Un programme dense, entièrement voué à la cause muratienne
Le programme imaginé par Pierrot, l’administrateur du blog de référence Surjeanlouismurat était riche : le hall d’entrée de cet « espace de liberté indépendant situé aux confluences des sensibilités et des arts » accueillait une exposition de coupures de presse, de photos (notamment de Franck Loriou, auquel on doit notamment la couverture de l’album Toboggan (2013)), de disques. Le vendredi soir, un public attentif a pu écouter plusieurs artistes proches de la sensibilité muratienne.
La soirée commence avec un karaoké animé par la pianiste britannique Vivien Marsh accompagnée d’un guitariste.

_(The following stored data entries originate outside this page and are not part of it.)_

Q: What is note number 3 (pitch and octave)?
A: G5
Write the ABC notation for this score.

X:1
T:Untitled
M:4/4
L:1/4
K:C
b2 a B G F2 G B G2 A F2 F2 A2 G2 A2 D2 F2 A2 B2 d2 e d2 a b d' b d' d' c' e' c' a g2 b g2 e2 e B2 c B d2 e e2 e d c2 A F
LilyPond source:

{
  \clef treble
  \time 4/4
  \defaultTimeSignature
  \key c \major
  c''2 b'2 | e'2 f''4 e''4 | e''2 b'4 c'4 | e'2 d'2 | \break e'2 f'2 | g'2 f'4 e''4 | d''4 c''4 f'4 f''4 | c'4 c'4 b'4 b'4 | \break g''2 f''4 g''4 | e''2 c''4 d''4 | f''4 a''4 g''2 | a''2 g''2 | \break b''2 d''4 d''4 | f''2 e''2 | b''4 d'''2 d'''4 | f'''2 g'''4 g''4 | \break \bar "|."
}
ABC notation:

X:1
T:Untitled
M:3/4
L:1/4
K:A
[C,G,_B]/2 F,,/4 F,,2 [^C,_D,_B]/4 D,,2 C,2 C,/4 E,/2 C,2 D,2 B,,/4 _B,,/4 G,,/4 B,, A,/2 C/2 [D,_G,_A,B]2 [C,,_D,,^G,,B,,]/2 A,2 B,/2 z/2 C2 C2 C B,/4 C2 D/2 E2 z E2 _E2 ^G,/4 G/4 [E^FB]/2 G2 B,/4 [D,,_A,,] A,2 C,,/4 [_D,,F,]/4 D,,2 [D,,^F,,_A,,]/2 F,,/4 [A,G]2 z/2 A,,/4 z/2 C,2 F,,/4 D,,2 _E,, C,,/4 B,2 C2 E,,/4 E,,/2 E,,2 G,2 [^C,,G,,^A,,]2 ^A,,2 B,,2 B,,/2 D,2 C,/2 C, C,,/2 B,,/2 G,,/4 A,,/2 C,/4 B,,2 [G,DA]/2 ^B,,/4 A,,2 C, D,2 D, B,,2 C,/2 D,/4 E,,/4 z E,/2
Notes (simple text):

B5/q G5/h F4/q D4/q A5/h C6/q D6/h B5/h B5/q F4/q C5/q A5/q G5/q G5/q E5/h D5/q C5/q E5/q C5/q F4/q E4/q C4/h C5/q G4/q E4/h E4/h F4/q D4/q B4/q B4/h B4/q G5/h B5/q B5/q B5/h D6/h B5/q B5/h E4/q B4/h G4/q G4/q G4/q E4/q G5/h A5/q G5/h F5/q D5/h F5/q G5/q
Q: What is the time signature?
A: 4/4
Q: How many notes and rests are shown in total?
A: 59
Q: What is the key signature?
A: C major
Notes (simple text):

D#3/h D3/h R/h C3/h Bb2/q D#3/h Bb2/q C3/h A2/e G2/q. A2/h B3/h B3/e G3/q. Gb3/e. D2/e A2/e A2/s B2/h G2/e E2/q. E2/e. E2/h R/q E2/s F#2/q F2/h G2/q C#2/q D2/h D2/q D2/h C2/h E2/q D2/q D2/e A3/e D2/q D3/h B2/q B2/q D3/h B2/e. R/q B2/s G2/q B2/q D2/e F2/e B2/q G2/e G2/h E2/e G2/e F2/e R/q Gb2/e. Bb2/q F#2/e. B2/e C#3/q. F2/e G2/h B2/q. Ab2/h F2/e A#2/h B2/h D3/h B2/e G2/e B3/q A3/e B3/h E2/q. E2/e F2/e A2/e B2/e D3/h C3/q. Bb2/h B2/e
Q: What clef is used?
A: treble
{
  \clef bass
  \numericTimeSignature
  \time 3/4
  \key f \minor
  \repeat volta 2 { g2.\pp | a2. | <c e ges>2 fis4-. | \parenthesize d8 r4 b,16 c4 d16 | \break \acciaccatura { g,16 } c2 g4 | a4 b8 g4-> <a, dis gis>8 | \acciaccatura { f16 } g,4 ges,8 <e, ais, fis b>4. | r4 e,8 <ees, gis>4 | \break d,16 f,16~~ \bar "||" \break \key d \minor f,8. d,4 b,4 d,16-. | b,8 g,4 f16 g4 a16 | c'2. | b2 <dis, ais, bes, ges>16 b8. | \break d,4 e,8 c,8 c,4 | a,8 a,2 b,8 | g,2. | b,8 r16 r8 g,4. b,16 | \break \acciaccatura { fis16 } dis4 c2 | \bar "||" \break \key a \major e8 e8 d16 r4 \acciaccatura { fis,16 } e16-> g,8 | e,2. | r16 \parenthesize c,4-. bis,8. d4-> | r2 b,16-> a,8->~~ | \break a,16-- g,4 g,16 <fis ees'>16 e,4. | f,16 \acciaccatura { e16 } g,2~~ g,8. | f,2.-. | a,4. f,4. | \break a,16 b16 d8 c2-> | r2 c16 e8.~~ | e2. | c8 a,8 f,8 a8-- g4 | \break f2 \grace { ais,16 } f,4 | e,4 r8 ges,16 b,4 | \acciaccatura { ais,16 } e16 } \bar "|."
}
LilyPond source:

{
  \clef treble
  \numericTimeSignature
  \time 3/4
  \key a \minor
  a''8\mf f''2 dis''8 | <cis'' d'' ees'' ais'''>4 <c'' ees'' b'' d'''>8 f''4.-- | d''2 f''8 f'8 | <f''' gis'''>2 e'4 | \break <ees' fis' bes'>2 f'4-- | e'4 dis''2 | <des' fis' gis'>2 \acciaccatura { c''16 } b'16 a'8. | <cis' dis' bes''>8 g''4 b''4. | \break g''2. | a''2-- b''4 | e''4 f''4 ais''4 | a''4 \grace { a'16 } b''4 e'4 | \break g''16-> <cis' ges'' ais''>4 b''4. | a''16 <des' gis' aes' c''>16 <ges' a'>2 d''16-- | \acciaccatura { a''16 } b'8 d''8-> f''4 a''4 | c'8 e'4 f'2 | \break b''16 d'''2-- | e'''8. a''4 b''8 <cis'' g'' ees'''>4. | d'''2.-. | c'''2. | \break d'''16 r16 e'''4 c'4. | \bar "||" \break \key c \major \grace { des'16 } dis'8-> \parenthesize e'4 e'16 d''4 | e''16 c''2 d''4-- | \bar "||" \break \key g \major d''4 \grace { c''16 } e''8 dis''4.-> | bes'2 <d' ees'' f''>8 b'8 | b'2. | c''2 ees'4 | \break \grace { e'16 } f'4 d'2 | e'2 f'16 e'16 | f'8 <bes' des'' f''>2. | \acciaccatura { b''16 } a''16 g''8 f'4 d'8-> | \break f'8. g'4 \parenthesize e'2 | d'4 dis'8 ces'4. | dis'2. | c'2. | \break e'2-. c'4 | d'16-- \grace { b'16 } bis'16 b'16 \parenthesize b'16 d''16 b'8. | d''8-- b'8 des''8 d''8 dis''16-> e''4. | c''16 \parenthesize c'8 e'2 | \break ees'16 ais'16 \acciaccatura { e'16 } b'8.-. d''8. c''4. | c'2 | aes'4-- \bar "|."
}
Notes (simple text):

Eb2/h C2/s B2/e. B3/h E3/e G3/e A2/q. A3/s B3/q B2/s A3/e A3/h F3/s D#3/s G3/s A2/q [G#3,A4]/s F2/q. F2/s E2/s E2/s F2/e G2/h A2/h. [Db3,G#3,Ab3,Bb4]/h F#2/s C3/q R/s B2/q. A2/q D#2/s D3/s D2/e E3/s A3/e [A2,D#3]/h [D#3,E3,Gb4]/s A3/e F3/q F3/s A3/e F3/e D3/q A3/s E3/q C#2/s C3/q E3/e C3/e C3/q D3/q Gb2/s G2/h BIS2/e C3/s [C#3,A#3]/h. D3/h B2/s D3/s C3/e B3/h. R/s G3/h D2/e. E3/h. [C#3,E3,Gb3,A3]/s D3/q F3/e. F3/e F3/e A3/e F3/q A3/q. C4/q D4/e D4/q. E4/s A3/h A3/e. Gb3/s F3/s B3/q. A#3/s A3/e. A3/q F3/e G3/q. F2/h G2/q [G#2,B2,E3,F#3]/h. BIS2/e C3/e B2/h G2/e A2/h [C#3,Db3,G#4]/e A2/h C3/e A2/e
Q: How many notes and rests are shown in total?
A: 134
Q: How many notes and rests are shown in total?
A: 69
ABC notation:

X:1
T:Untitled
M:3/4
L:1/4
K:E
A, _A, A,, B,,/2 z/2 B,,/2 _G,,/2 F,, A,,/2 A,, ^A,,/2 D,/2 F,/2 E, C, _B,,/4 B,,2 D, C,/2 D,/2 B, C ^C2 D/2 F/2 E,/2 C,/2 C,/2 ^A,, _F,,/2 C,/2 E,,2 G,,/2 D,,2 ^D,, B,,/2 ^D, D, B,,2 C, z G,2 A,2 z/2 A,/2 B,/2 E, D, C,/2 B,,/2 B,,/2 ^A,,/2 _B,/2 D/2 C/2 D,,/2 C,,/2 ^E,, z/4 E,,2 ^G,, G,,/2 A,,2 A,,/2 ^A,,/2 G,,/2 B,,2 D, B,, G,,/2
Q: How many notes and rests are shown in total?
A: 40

Le public de connaisseurs murmure les paroles. Tout d’abord, Bertrand Louis – récompensé plusieurs fois par l’académie Charles Cros – qui a notamment livré une version très incisive de Suicidez-vous, le peuple est mort, citant au passage Alexandre Vialatte, sous l’œil appréciateur de Marie Audigier.
Le compagnon de studio et de route de Murat, Alain Bonnefont, était de la partie. Seul à la guitare sèche, il a proposé entre autres son titre En Mousquetaire, en Séminole avec son grain de voix rocailleux et ce phrasé âpre qui font sa marque de fabrique. En 1976, Alain faisait partie de Clara, le premier groupe de Murat.
Enfin, Agnès Gayraud philosophe, journaliste et auteure-compositrice-interprète française fondatrice du groupe La Féline a électrisé la dernière partie de soirée, accompagnée par un fantastique batteur et un guitariste impeccable, notamment sur Les jours du jaguar, titre emblématique de l’album Lilith (2003).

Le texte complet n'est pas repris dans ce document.